Capítulo 1
Mientras una sofocante manta de oscuridad descendía sobre la ciudad de Refugio Libre, los robustos colonos se batían por evitar la tormenta. La noche cubrió con rapidez el planeta colonia de Bhekar Ro, con excesivo viento pero sin rastro de estrellas.
Las encapotadas nubes se arremolinaron sobre el horizonte y alcanzaron la escarpada cordillera montañosa, circundando el amplio valle que formaba el corazón de la pugnante colonia agrícola. Explosivos retumbos atronaron sobre la cordillera como una andanada de artillería pobremente situada. Cada detonación era lo bastante poderosa para ser detectada por varios sismógrafos aún activos plantados en torno a las zonas prospectadas.
Las condiciones atmosféricas creaban truenos con una intensidad sónica comparable a la de una explosión. El rugido en sí era a veces suficiente para causar destrucción. Y lo que el trueno sónico dejaba indemne, los relámpagos desgarraban a trozos.
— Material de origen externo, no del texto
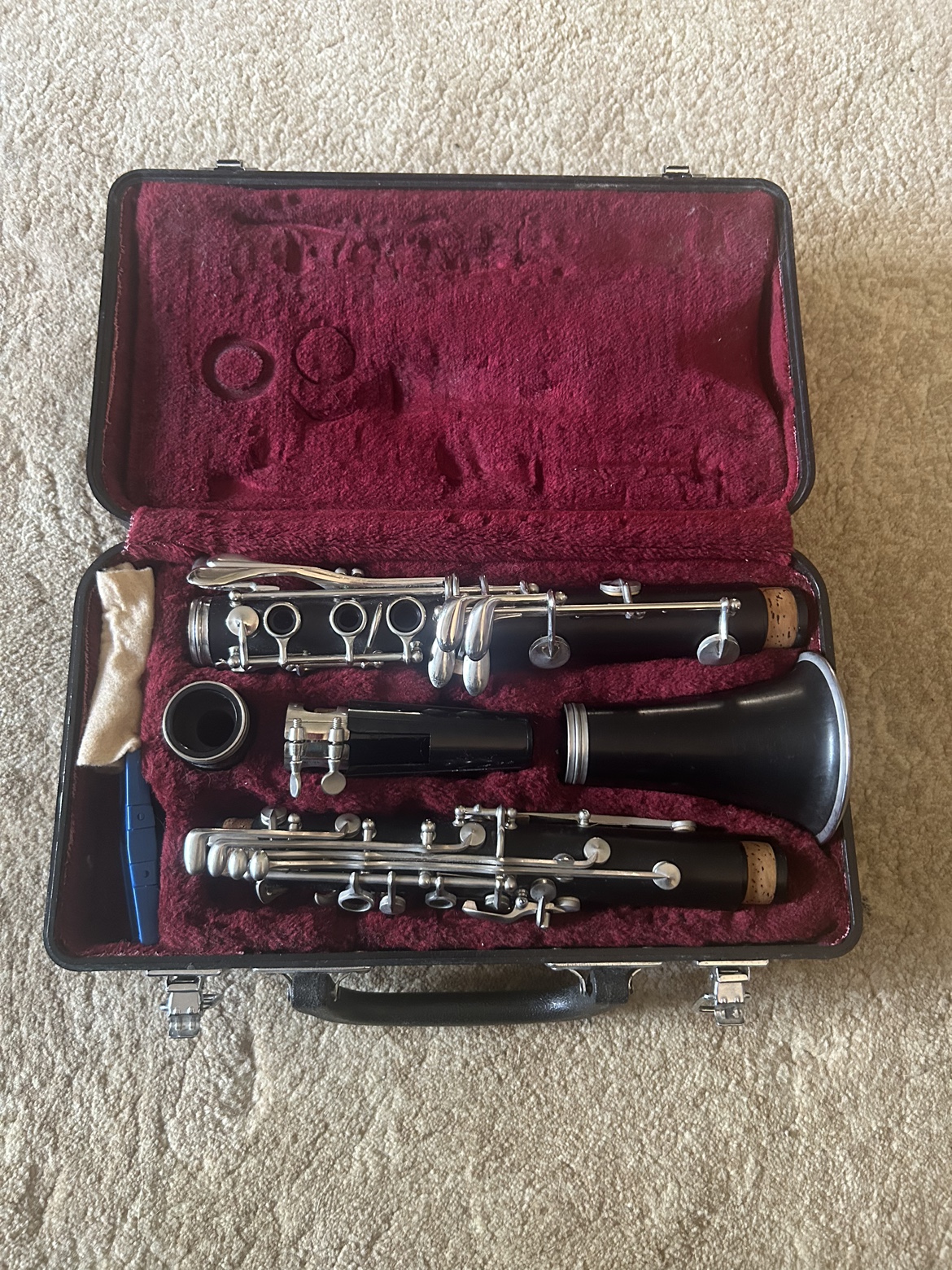 Used ( once)Clarinet with Case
Cuarenta años atrás, cuando los primeros colonos huyeron del opresivo gobierno de la Confederación Terráquea, se habían engañado al creer que este lugar podría convertirse en un nuevo Edén. Tras tres generaciones, los obstinados colonos rehusaban darse por vencidos.
Situada junto a su hermano Lars, Octavia Bren contempló el paisaje a través de los veteados parabrisas de la gigantesca robo-cosechadora mientras rodaban apresurados de regreso a la ciudad. El fragor de las cadenas mecánicas y el rugido del motor casi ahogaban el retumbo de los truenos. Casi.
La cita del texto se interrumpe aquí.